§ **The problem**
Please print exactly the lines from the one containing "Mattel - Disney" through the last line of the records, and only those. Leave out any pictures.

[Items listed in a dataset]
/---

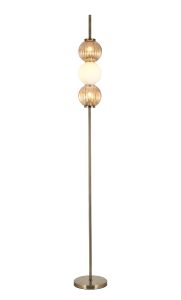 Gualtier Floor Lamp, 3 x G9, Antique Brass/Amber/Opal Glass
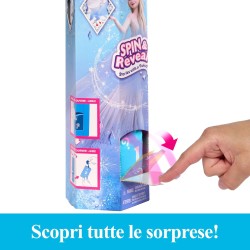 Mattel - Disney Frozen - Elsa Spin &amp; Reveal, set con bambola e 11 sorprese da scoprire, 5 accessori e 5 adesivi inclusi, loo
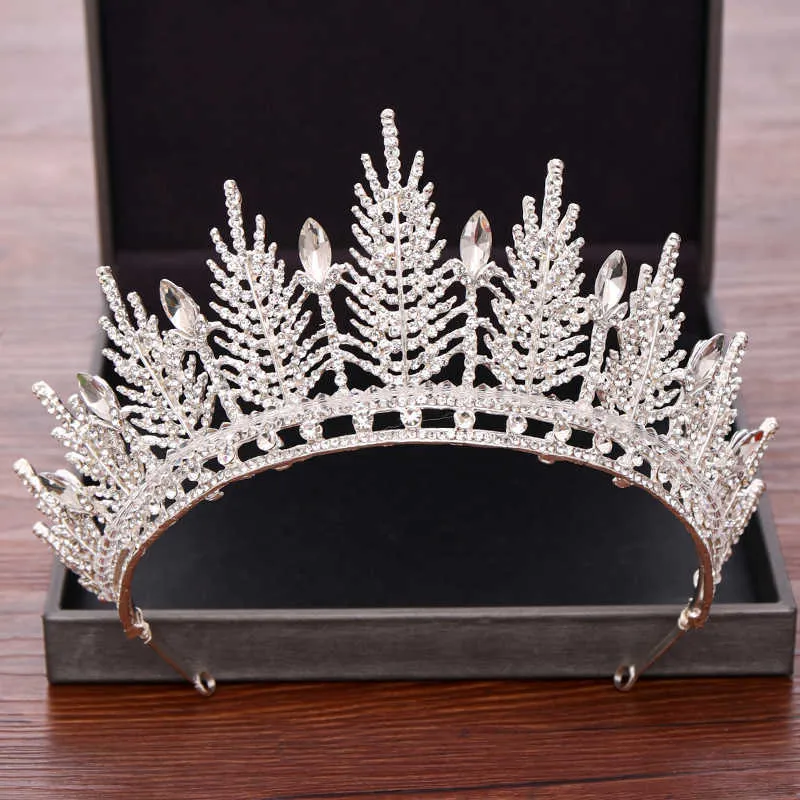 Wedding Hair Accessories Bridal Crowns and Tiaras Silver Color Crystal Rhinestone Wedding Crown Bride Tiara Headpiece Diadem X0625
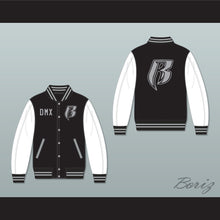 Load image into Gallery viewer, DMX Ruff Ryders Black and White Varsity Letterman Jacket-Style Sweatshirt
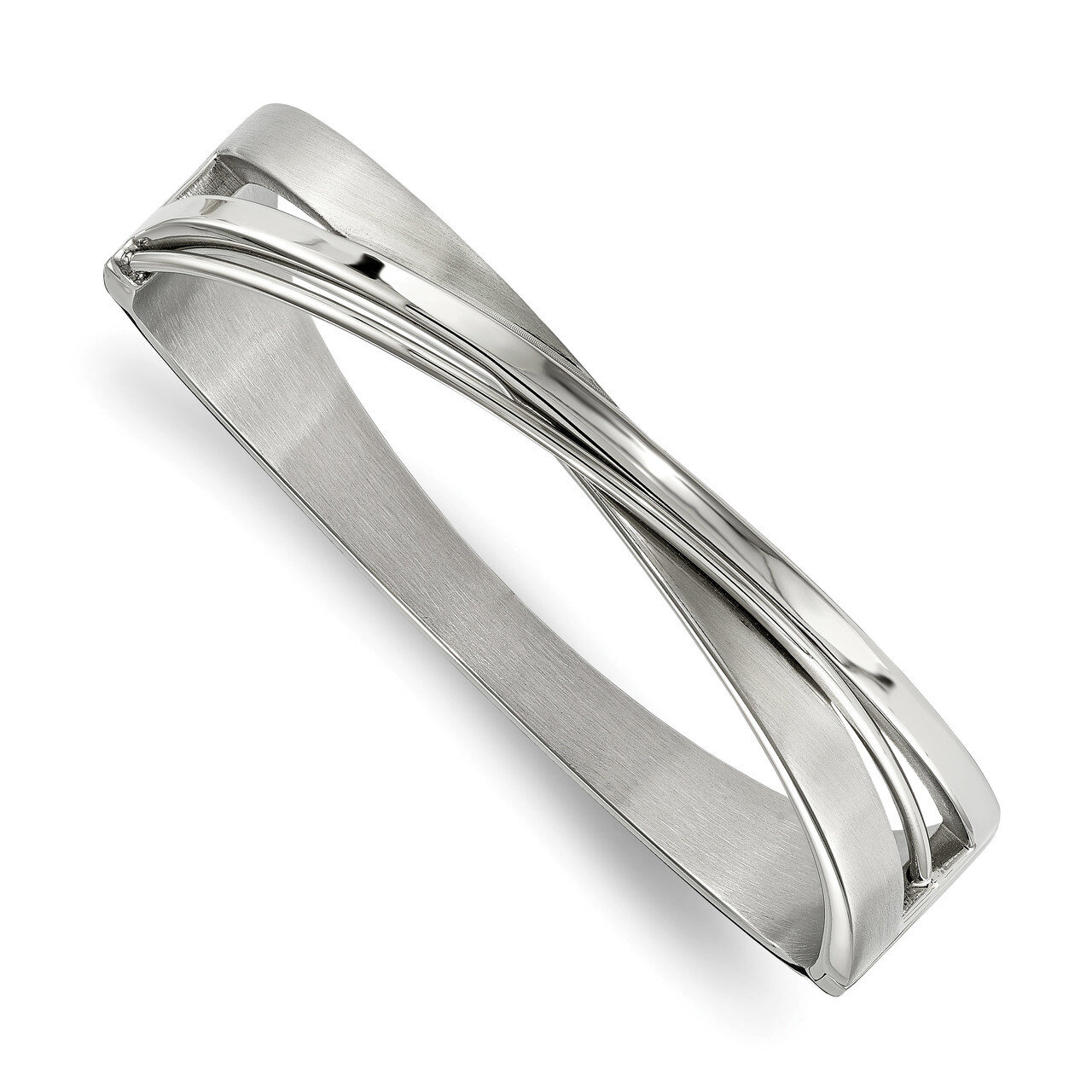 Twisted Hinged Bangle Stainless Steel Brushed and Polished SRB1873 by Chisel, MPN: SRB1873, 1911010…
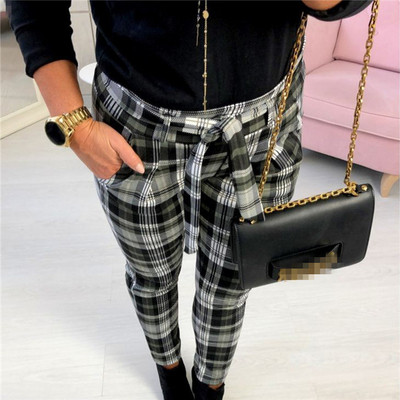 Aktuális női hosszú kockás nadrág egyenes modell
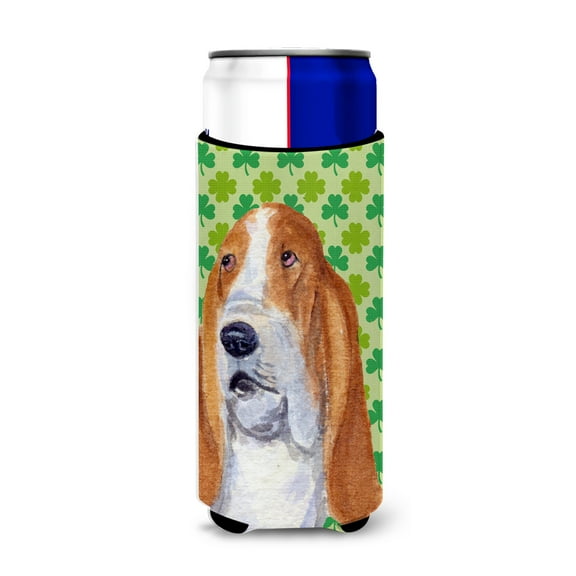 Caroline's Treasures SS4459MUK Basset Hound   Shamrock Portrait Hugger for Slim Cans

\---

§ **Result**
 Mattel - Disney Frozen - Elsa Spin &amp; Reveal, set con bambola e 11 sorprese da scoprire, 5 accessori e 5 adesivi inclusi, loo
 Wedding Hair Accessories Bridal Crowns and Tiaras Silver Color Crystal Rhinestone Wedding Crown Bride Tiara Headpiece Diadem X0625
 Load image into Gallery viewer, DMX Ruff Ryders Black and White Varsity Letterman Jacket-Style Sweatshirt
 Twisted Hinged Bangle Stainless Steel Brushed and Polished SRB1873 by Chisel, MPN: SRB1873, 1911010…
 Aktuális női hosszú kockás nadrág egyenes modell
 Caroline's Treasures SS4459MUK Basset Hound   Shamrock Portrait Hugger for Slim Cans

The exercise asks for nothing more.